The campaign to win Smith a place in the badge memorial is the final hurdle in a nine-year struggle by the officer’s children to restore their father’s legal rights and reputation.
On the night he died, Smith was off duty, drinking beer with his cousin at the Office bar, where he exchanged glares with a rowdy patron, Maurice Mackey of Solon. Mackey left the bar, got a gun and waited outside to ambush Smith.
Smith pulled his gun, but he wasn’t fast enough, and Mackey shot him in the chest.
Mackey is serving a 13-year prison term for involuntary manslaughter.
At first, the city, state and police pension boards opposed efforts by Smith’s children to collect his retirement benefits and to have his name carved in the Greater Cleveland Police Memorial at Huntington Park. They said Smith wasn’t on duty when he was killed.

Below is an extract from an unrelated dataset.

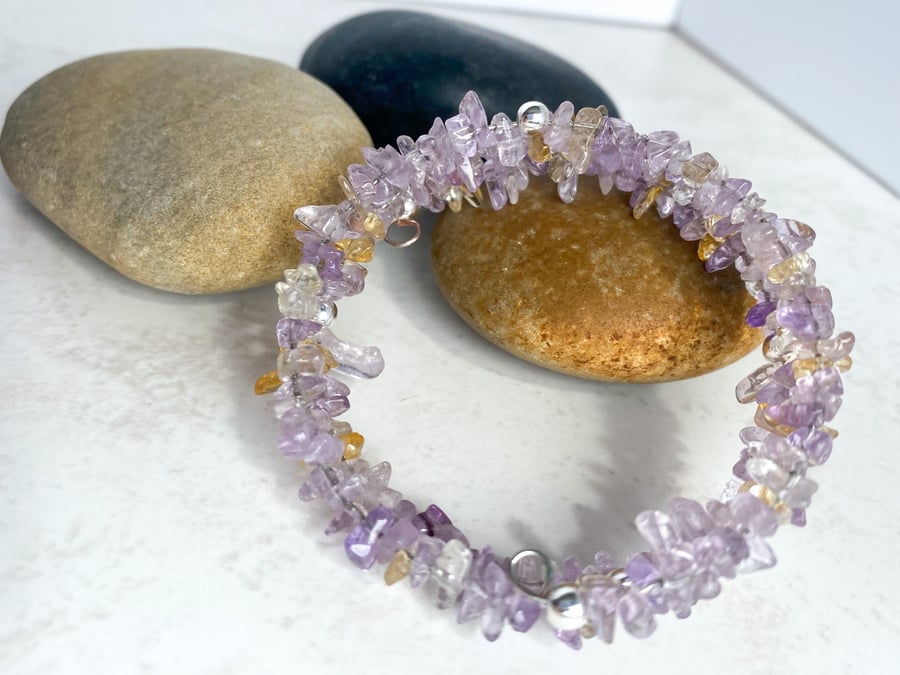 Ametrine memory wire stacking bracelet - made in Scotland.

Bashein challenged those rulings in court and won. A Cuyahoga County Common Pleas Court judge, the Ohio attorney general and the state Fire and Police Pension Board all ruled Smith died in the line of duty. Former Police Chief Rocco Pollutro testified that Smith died a hero.
But none of those legal victories persuaded Kerber and the FOP to honor Smith, although some were left to wonder after picking up a copy of this month’s FOP newsletter, the Cleveland Communicator. On the front page, Smith’s name and the date of his death are printed along with 23 other fallen officers below a photograph of the Badge Case memorial.
Kerber said Smith’s name was listed in error.
“That just goes to show the hypocrisy of the process,” Bashein responded. “It’s an embarrassment to this city and to David Smith’s fellow officers that he has not been properly recognized for his ultimate sacrifice and heroic actions on behalf of this community.”